- Provided data
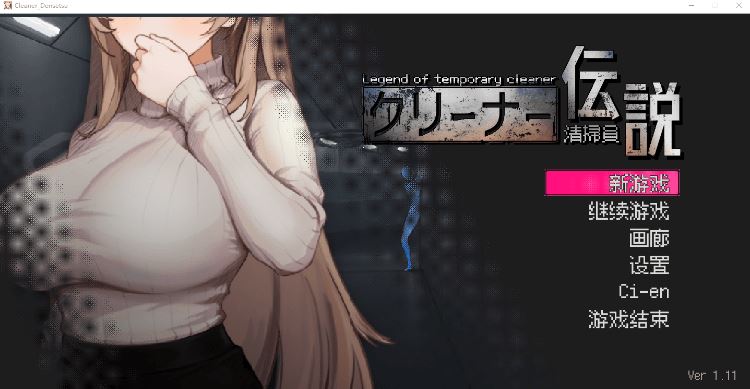 图片[1]-造梦少女游戏【爆款探索SLG】清洁工传说 Ver1.11 DL官方中文修复版 - 造梦少女游戏网-造梦少女游戏造梦少女游戏网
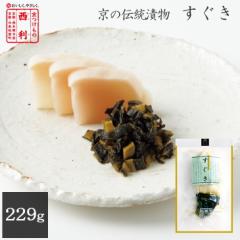 �������̐��� �V�� ������ 229g ���s ���� �V�� �Е� ���� �������� �����Ђ� ���ٓ� ���͂�̂��� ���y�Y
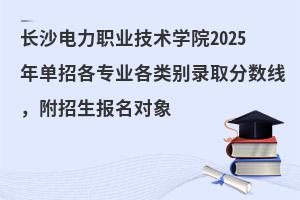 LɳI(y)g(sh)W(xu)Ժ2025иI(y)eȡ?jn)?sh)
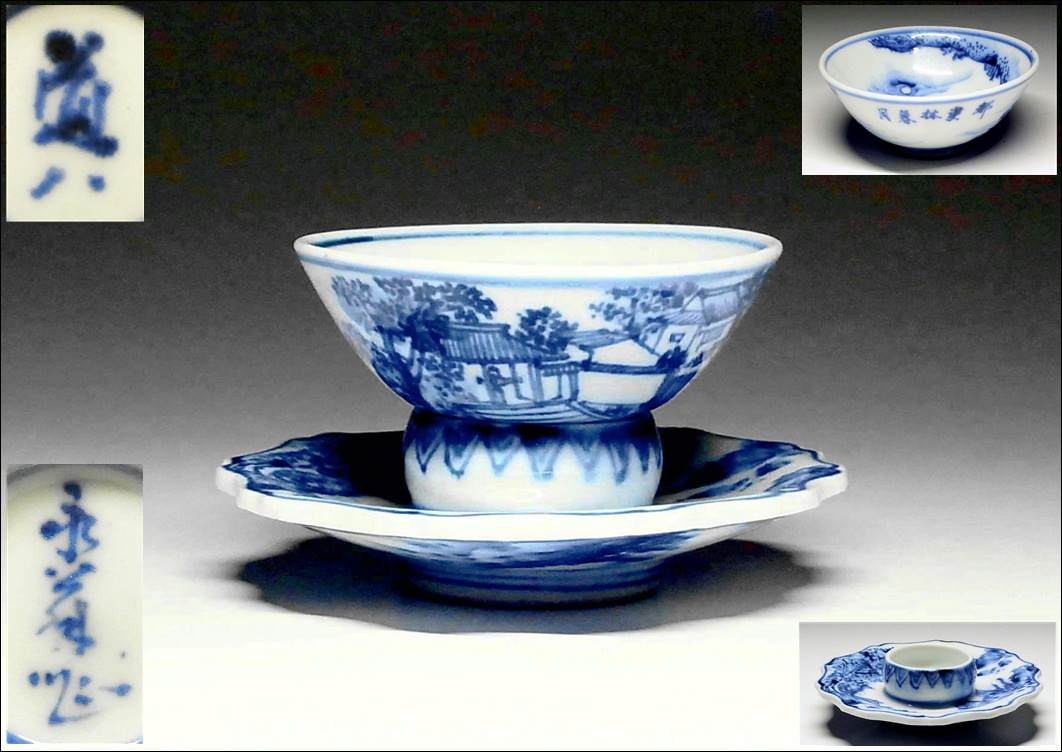 【大人気，最新作】 17 酒器 京焼名工 高橋道八 永〇作 青華染付 山水図 盃 盃台一対/煎茶碗(酒器)｜売買されたオークション情報、yahooの商品情報をアーカイブ公開 - オークファン 京焼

- Problem description
A word-for-word repetition of the data above, without pictures, is the expected answer.

- Your solution
 图片[1]-造梦少女游戏【爆款探索SLG】清洁工传说 Ver1.11 DL官方中文修复版 - 造梦少女游戏网-造梦少女游戏造梦少女游戏网
 �������̐��� �V�� ������ 229g ���s ���� �V�� �Е� ���� �������� �����Ђ� ���ٓ� ���͂�̂��� ���y�Y
 LɳI(y)g(sh)W(xu)Ժ2025иI(y)eȡ?jn)?sh)
 【大人気，最新作】 17 酒器 京焼名工 高橋道八 永〇作 青華染付 山水図 盃 盃台一対/煎茶碗(酒器)｜売買されたオークション情報、yahooの商品情報をアーカイブ公開 - オークファン 京焼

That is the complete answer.